Sydney Hans is the Samuel Deutsch Professor at the School of Social Service Administration at the University of Chicago. Her research seeks to understand how biological and social factors interact in contributing to risk and resilience in human development. She studies how experiences in early life, particularly the relationship between mother and infant, influence development at later ages. She has conducted studies focusing on the development of young children whose parents use illicit substances, suffer from major mental disorders, have experienced traumatic events, and/or live in conditions of extreme poverty. She is particularly interested in using research to develop interventions and public policy that will benefit infants, young children, and their families. She currently is engaged in implementing and evaluating intervention programs in which paraprofessional "doulas" provide childbirth education and support to adolescent mothers. Professor Hans' research has been supported by a variety of private foundations and public agencies, including the National Institute of Mental Health (NIMH), the National Institute on Drug Abuse (NIDA), and the Maternal and Child Health Bureau. She is currently serves as an associate editor of Developmental Psychology and on the editorial board of Psychology of Addictive Behaviors.

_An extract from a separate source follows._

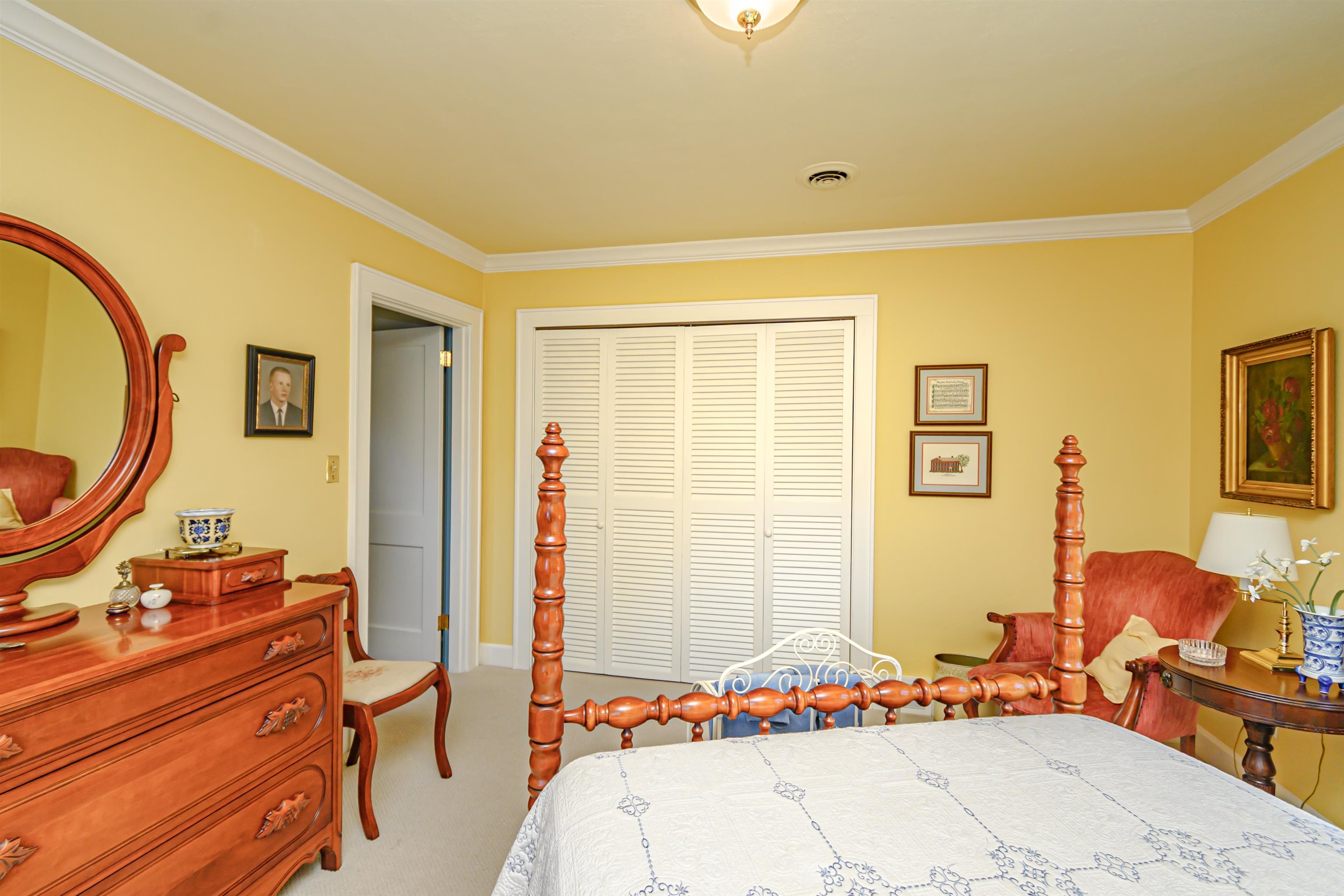 622 Ford Avenue, Owensboro, Kentucky 42301, 3 Bedrooms Bedrooms, ,3 BathroomsBathrooms,Single Family Residence,For Sale,Ford Avenue,90758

Professor Hans teaches Human Behavior in the Social Environment, the introductory course in the family support program, and doctoral courses in life course development theory and research. She is chair of the doctoral program at SSA and the director of the Irving B. Harris Infant Mental Health Training Program at the University of Chicago.
Professor Hans graduated with a B.S. in Human Development and Family Studies from Cornell University and received her Ph.D. in Psychology and Social Relations from Harvard University. Prior to coming to SSA, she was on the faculty in the Department of Psychiatry at the University of Chicago.